Eventually things petered out, like a summer camp romance, and we stopped writing. It’s not clear to me why I didn’t just do the obvious thing early on and jump on a plane to Florida or New Jersey. Possibly that is why I was still single and available at age 33.
In any case, there was no Hollywood ending, no Jeopardy-themed wedding with vows of “What is… I do?” and Johnny Gilbert announcing, “The happy couple will board TWA for a honeymoon flight for two to beautiful ARUBA!” I remained stubbornly single until the 21st century, when I finally found the right woman without saying anything at all on national TV.
I’m not sure what to make of this bundle of beautiful old letters now.
Anyone who goes on Jeopardy! gets a lesson in the power of television. It’s one thing to know that Jeopardy! has millions of viewers, quite another to have people tell you on the sidewalk, oh, you were in my living room last night. We watched you. Or to say a few words and then get letters postmarked Coeur d’Alene, Reisterstown and Ukiah.

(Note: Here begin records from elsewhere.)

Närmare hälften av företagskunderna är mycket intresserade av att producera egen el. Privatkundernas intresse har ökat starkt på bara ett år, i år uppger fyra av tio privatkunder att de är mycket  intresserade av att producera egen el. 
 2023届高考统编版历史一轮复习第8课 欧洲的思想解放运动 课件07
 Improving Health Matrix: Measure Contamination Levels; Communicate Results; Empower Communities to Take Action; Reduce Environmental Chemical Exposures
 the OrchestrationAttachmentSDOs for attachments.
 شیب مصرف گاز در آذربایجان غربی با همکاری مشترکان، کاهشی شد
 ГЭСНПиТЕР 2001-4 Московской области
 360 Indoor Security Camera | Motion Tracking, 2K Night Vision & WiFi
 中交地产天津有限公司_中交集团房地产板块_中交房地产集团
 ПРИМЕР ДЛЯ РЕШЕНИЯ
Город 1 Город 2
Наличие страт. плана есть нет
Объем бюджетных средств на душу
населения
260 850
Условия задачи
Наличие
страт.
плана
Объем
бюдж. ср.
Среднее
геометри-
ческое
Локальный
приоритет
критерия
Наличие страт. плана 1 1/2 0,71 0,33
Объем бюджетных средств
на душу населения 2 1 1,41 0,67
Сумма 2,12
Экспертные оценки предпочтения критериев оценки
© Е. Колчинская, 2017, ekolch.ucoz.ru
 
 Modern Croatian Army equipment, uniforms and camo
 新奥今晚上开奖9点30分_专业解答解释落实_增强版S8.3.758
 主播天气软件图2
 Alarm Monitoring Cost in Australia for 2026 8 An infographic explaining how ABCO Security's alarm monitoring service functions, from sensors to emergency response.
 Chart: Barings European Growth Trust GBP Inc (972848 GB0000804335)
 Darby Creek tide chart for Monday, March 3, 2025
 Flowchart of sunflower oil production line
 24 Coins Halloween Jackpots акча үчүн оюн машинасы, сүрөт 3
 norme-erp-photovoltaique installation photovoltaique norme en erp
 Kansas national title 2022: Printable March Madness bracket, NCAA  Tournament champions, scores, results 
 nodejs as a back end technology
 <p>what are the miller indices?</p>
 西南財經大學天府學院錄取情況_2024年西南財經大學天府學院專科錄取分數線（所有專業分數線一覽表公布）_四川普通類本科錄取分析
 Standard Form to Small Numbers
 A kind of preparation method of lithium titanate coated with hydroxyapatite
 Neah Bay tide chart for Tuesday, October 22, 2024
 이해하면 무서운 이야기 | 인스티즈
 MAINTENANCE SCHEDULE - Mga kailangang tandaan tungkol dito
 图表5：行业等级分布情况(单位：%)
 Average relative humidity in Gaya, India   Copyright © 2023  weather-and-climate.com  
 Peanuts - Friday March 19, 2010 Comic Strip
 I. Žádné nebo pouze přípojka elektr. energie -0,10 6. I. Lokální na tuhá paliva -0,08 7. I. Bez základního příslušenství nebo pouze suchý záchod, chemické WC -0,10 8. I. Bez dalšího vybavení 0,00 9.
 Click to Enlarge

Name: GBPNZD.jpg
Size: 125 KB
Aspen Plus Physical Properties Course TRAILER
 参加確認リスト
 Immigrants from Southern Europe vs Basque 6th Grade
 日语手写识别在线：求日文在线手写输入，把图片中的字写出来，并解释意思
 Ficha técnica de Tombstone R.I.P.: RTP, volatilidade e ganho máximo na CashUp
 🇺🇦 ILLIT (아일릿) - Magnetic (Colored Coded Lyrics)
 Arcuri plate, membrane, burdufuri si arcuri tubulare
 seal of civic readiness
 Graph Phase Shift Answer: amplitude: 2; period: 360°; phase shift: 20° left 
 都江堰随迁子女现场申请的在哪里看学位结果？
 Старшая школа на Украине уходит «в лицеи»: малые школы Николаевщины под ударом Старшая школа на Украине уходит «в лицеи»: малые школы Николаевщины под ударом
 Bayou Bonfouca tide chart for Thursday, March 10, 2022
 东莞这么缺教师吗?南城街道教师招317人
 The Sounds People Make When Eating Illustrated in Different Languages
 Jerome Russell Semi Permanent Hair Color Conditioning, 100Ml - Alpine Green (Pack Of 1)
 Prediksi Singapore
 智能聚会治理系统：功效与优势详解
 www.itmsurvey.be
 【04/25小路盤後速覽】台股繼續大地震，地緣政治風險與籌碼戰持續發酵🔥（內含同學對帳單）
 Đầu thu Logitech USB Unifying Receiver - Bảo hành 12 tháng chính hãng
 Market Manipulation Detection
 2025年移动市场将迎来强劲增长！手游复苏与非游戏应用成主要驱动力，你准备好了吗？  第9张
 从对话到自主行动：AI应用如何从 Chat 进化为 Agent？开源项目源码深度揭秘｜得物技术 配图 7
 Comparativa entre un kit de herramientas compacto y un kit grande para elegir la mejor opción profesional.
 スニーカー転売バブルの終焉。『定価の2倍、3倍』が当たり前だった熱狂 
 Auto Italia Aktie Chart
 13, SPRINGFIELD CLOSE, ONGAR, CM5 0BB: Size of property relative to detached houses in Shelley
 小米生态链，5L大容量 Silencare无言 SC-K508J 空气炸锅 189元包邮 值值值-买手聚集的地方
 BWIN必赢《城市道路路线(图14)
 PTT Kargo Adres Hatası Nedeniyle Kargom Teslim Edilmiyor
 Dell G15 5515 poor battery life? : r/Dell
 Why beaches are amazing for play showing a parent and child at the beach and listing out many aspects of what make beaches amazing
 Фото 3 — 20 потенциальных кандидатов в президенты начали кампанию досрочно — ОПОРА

In all my other appearances on the show, before and since, no one has ever written. It took a smile and two words — “and available!” — to open the door. There’s some kind of lesson there, I suppose.
Today, of course, there would be no letters. There would be Facebook friend requests, Snapchat pics, and delightful flirtations by text and email all day instead of getting any work done. To hold these envelopes, with the 29-cent stamps and the postmarks from all over, the careful handwriting and the impulsive scrawls… well, it’s touching. It seems like something from a long time ago.
Most striking of all, I guess, is the simplicity and the sincerity in every letter. There’s very little in the way of irony, snark or face-saving wisecracks. They’re all variations on a theme: “You said you’re available. Me too. Taking a chance here.”
How human, and how daring. And how lucky for me. Good for them! Thank you, ladies, from the year 2014.